LOBBYING AND POLITICAL CONTRIBUTIONS

Lobbying is generally defined as communicating with a public official, or a
member of his or her staff, in the legislative or executive branch of
government, for the purpose of influencing legislative or administrative action.
Lobbying is highly regulated and lobbyists are required to be registered and to
report their activities. No employee may engage in lobbying on behalf of Phoenix
without prior permission of the Law Department.

The giving of gifts to local public officials and members of their staff,
whether in the form of meals, tickets to events or otherwise, is strictly
regulated by most states and by the federal government.

Employees must be careful to distinguish between personal and corporate
political activities. Unless specifically requested by the Company to
communicate on its behalf on a particular issue, you should identify
communications with legislators as expressing your own personal beliefs and not
those of Phoenix. The use of Phoenix stationery for any personal political
communication is prohibited.

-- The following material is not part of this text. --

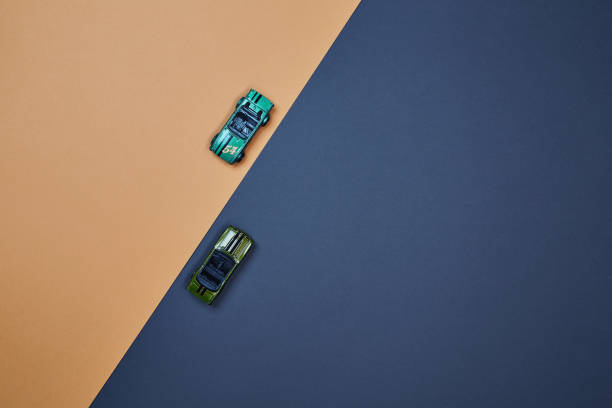 istock Two micro toy small mini cars opposite direction top view 1366664470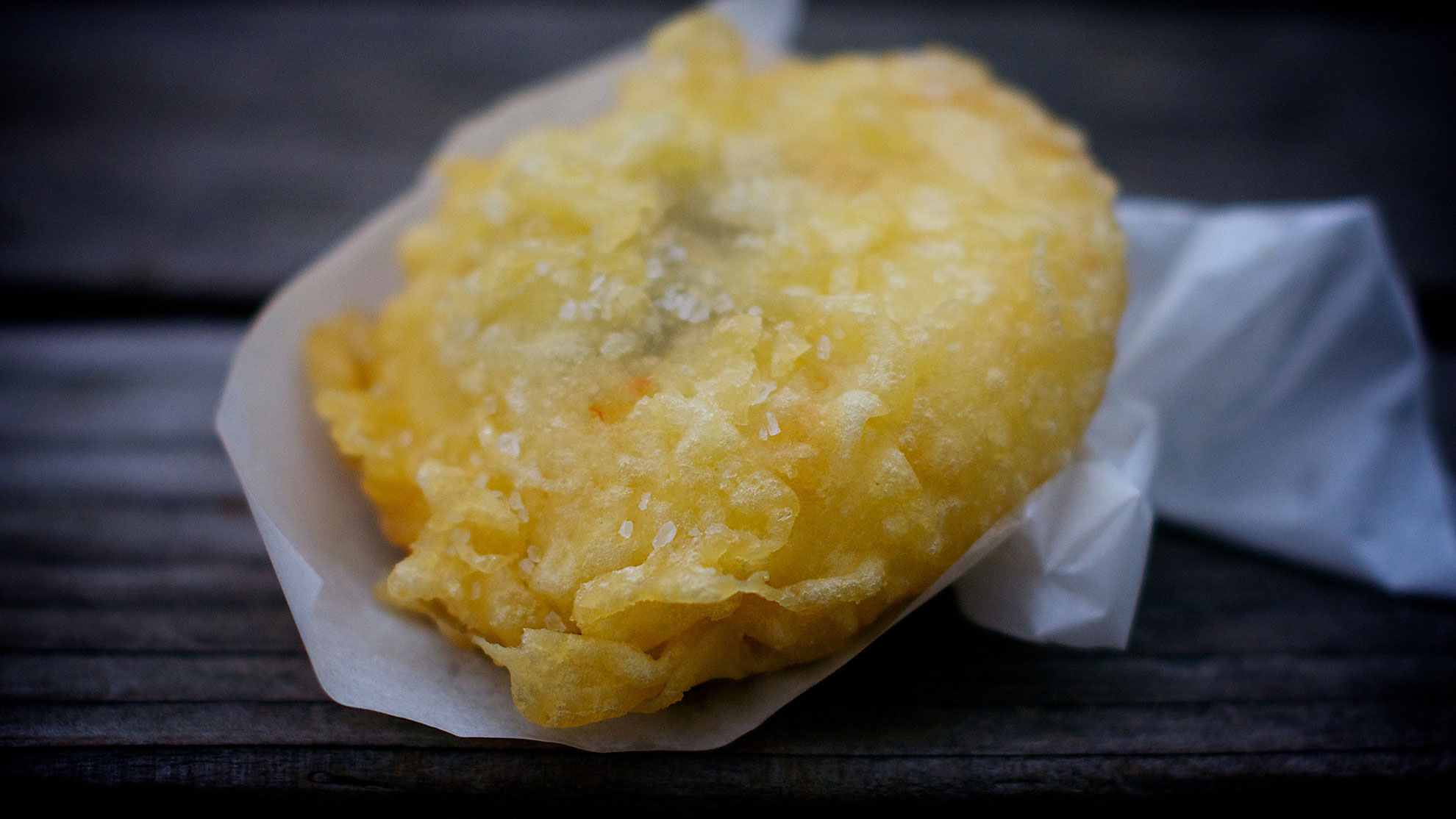 Crispy battered savoury pastry served on white greaseproof paper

Any employee wishing to be a candidate for elective
office should consult with his or her supervisor and department head in advance.

Questions regarding the Company's position on proposed legislation or regulation
should be referred to Government Relations or the Law Department.

FOREIGN CORRUPT PRACTICES ACT

The Foreign Corrupt Practices Act prohibits the payment or authorization of the
payment of any money, or the giving of value, directly or indirectly, to a
foreign official for the purpose of:

- -    Influencing any act or decision of the foreign official; or

- -    Inducing the foreign official to use his influence to assist in obtaining
     business for or directing business to any person.

A "foreign official" is any person acting in an official capacity on behalf of a
foreign government, agency, department or instrumentality. Also included under
the term "foreign official" are foreign political parties, officials of
political parties and candidates for foreign political office.

The Foreign Corrupt Practices Act applies to all officers, directors, employees
and agents of the Company. Violation of the act can result in both fines and
imprisonment.

COPYRIGHTS, TRADEMARKS AND PATENTS

Employees must avoid infringing upon the intellectual property rights of others.
Intellectual property includes copyrights, trademarks, service marks, patents
and trade secrets. Improper use includes copying, distributing or modifying
third party copyrighted materials without permission. Infringement may result in
criminal as well as civil liabilities for Phoenix and its employees.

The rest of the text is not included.